Why not both? Why generalize to all scenarios at all times?
The process of exclusion is what causes you to define the borders of acceptability, and allows participants to have a clear understanding of when they're at risk of being excluded. Then they'll weigh their wants vs the rules and make a decision about whether they value their ideas over the group membership. Then what you are left with is people who want to be in the group more than they want to follow their whims against the group's rules.
Never play XBox Live.
I would very much support the idea of Child Protective Services being called up on her
I've never seen a 14 year old talking like that. Possible explanations: 1) she's a young-looking adult 2) she's a teenager with an adult scriptwriter 3) she's a deepfake/filter with a teenager's face and voice. I want to believe it's (3) because that would be the most Black Mirror thing.
Does there exist two different demographic groups that actually are in harmony today?
And it's working very well.
That said, it also feels like copy-pasta from the conservative radio voices of the last 20 years (Rush Limbaugh, etc).
... rules out (2). Technology is not advanced enough for (3). So (1) is currently the most likely: https://www.reddit.com/r/13or30/
Though you've missed the less likely option 4), an extraordinarily gifted 13-yo girl spending too much time on the internet. Some kids are amazingly smart.
When a 14 year old "threatened to murder YouTube CEO Susan Wojcicki" surely it crossed the line into being a child welfare problem.
It's very well written.
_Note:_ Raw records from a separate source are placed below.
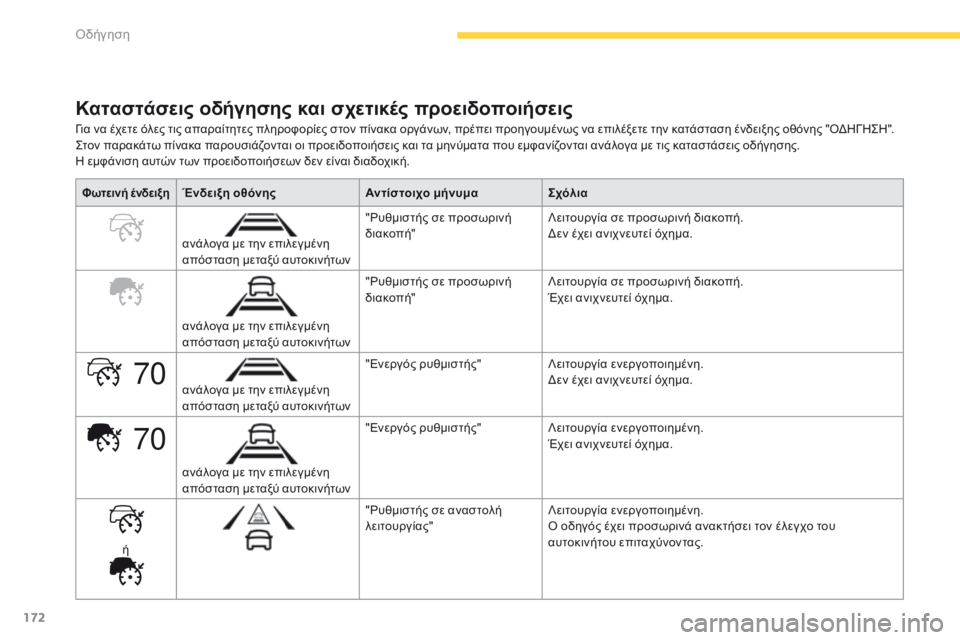 CITROEN C4 SPACETOURER 2016  ΟΔΗΓΌΣ ΧΡΉΣΗΣ (in Greek) 172
70
70
C4-Picasso-II_el_Chap04_conduite_ed01-2016
Καταστάσεις οδήγησης και σχετικές προειδοποιήσεις
Για να έχετε όλες τις απαραί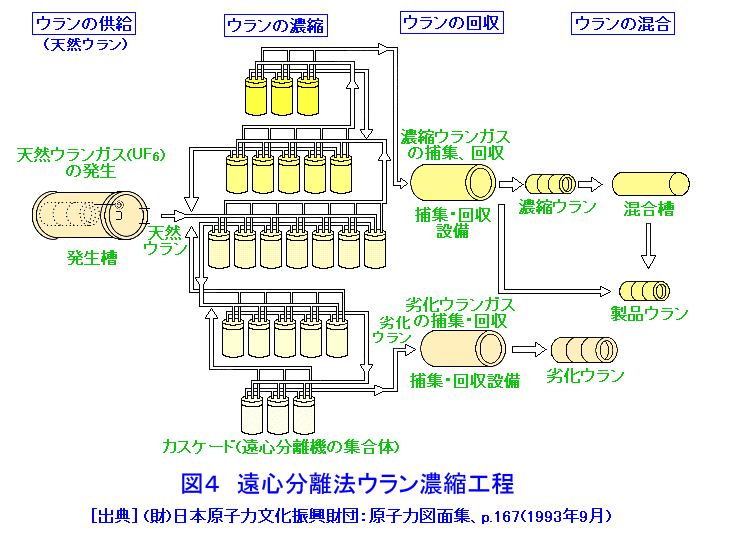 図４  遠心分離法ウラン濃縮工程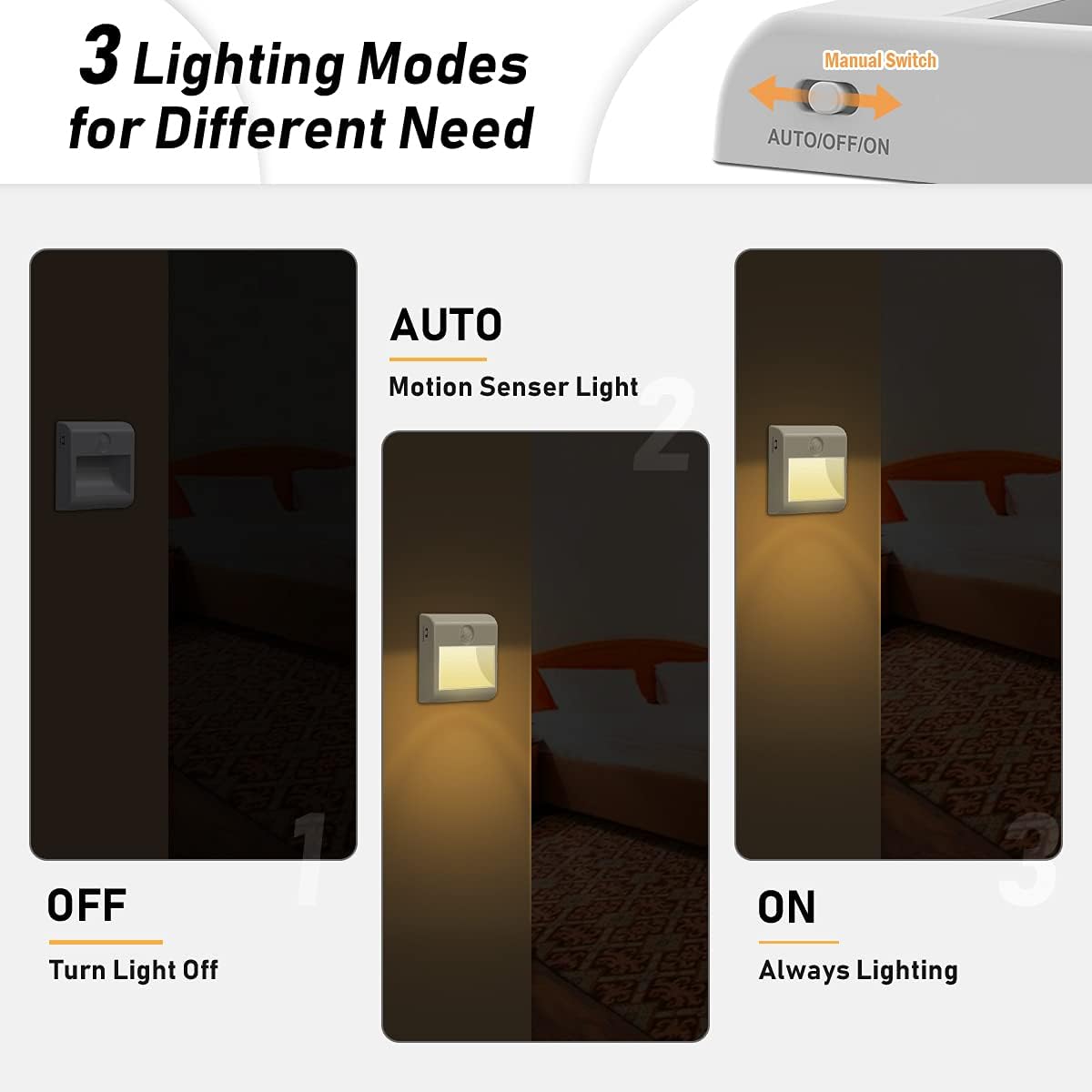 Motion Sensor Night Light, [2 Pack] Stick-On Battery Powered Night Lights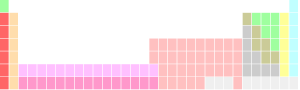 Tabla periódica con f inline-block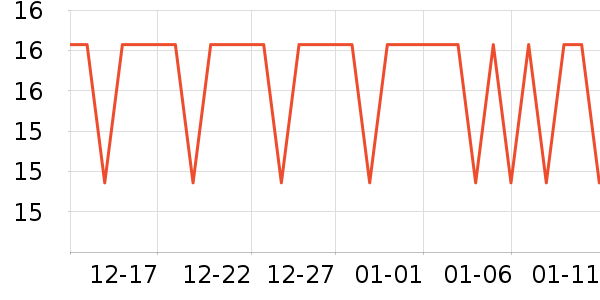 ��ֻ������/������ʷ�۸�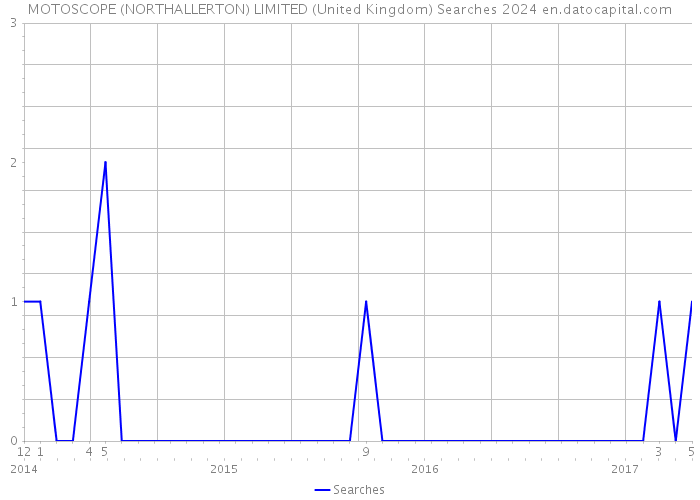 MOTOSCOPE (NORTHALLERTON) LIMITED (United Kingdom) Searches 2024 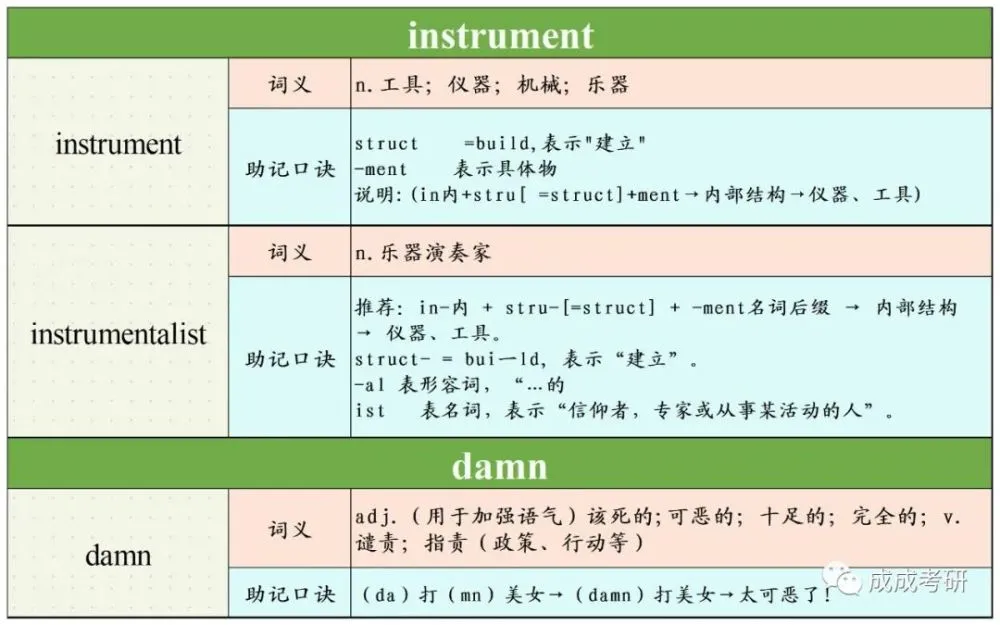 钱包助记词可以修改吗_tp钱包助记词老是提示错误_钱包助记词错了一个怎么办呢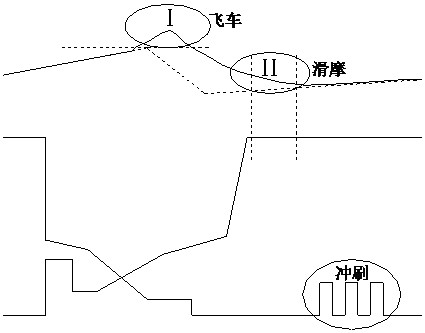 Method and device for monitoring and protecting clutch solenoid valve sticking during gear shifting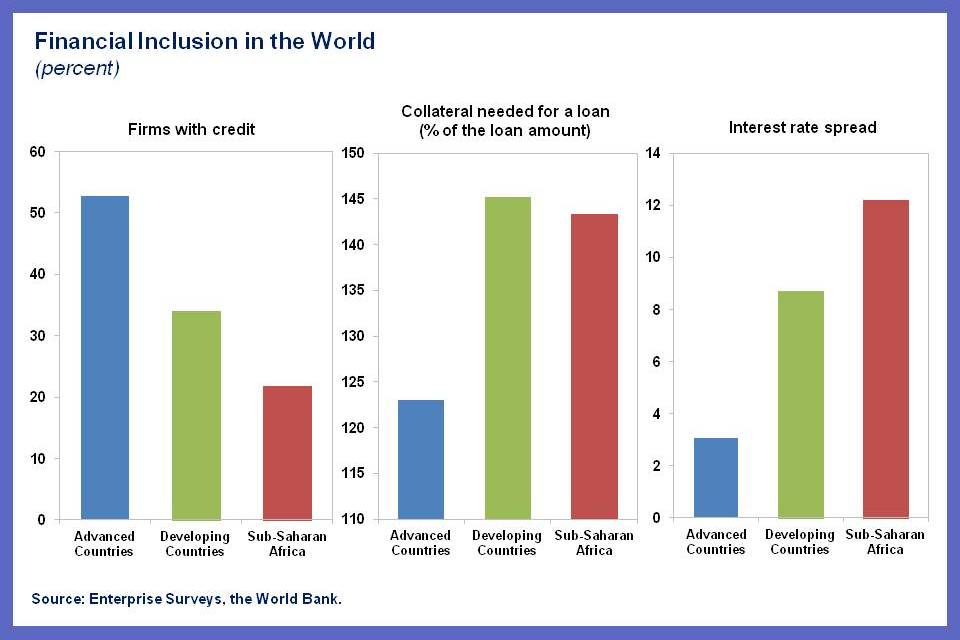SPR blog on financial inclusion.chart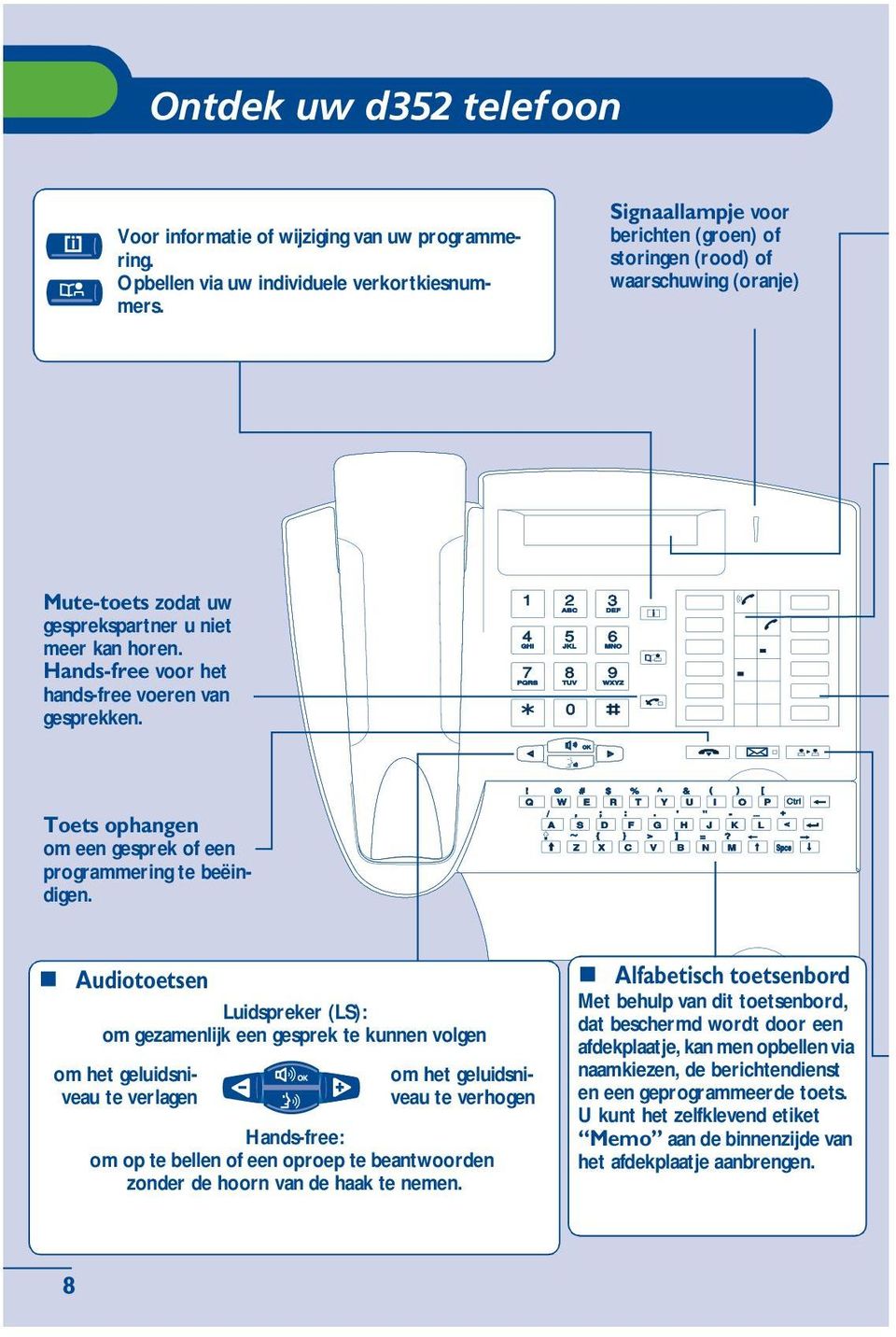 Toets ophangen om een gesprek of een programmering te beëindigen.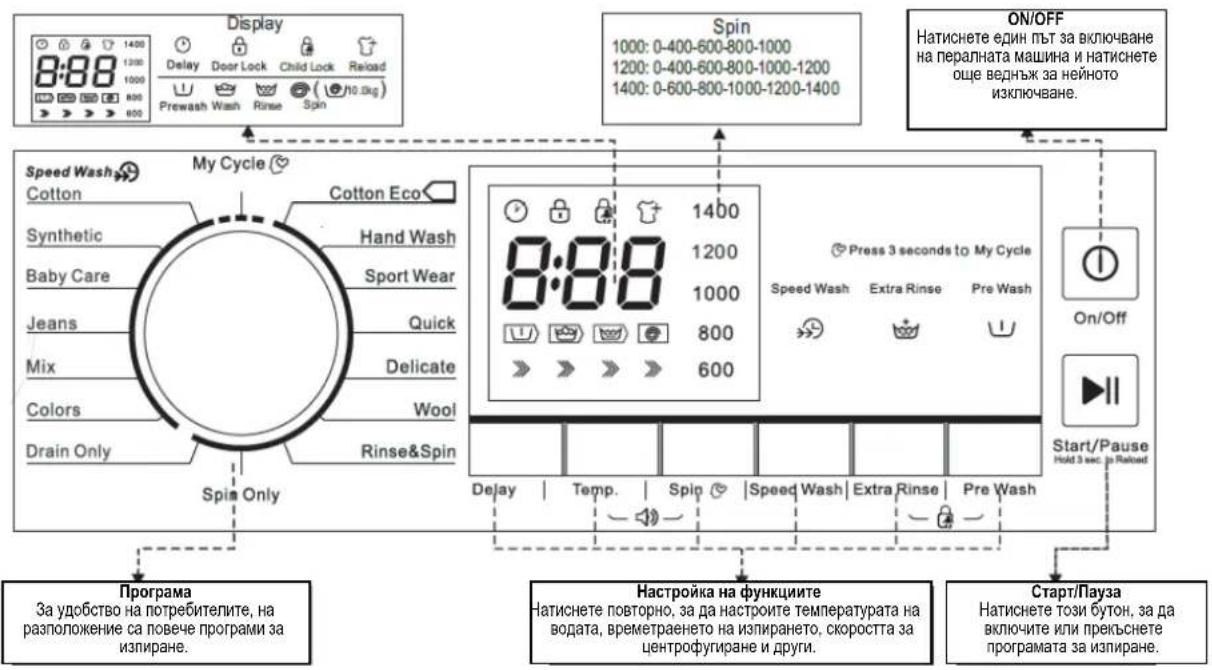 Heinner HWM-M7012HA - Следвайте инструкциите относно капацитета на ваната: - 2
Would have to be a teams work, or she's very gifted, possibly both and has enough cynicism to be seen as a parady.
But if I was Russia I'd be her patreon, the cynicism is funny, but it bleeds heavily into reality. It's propaganda of some sort, or part of its machinery.
(And it's clearly written to get her booted from YouTube, mission accomplished)
These days, more and more, transgressive voices are coming from the right. Soph is pretty extreme but I do see the humor in her videos. You're not obligated to laugh, but if you don't see the humor, take a step back and consider that conservatives rarely saw the humor in Bruce, Thompson, or Waters.
> why is the inverse version bad, requiring that people "take a step back"?
What I'm saying is that if you don't see the humor, you're missing something.
You don't have to think it's funny. You can think it's "going too far" or "in poor taste". But there is a strange brand of transgressive humor there.
There's quite literally no humor on this, the Youtube headquarters have in the past already been targeted by mentally unstable people in a shooting.
I'm sure more than one person said this about Lenny Bruce, probably during his obscenity trial.
To put it another way: sometimes I don't laugh at a joke but I can still recognize that it's a joke.
But, yeah, that's been an argument by homophobes to argue that their homophobia isn't homophobia for decades, and even if it wasn't ignorant of the general use of tg suffix, it would still only be an argument that the word “homophobia” was a sui generis idiom rather than an obvious combination of it's etymological components (which it arguably is anyway, since “homo-” is short for “homosexual” rather than being a normal use of the prefix), rather than an actual argument against what they exhibit actually being what is denoted by the term.
It is true that people are being de-platformed unfairly and I am usually against deplatforming, but others do deserve it.
Regardless, she's a kid. As much as I advocate for free speech, I believe we shouldn't encourage kids to be "shock-jocks" or used to promote political agendas. It is so easy for kids to be seduced into an ideology even if just for the attention.
Do you really think YouTube, Patreon, reddit, and whoever else should be required to allow people who make death threats to use their platform?
I'm really hoping that what actually happened is that gfosco didn't read the article and is unaware about what Soph specifically said to get her kicked off YouTube and Patreon.
What, exactly, do you think people should have a platform to say, but are denied by YouTube and Patreon?
Back in my day, when you threatened to send a bomb to a tv station, they put you in a prime time slot!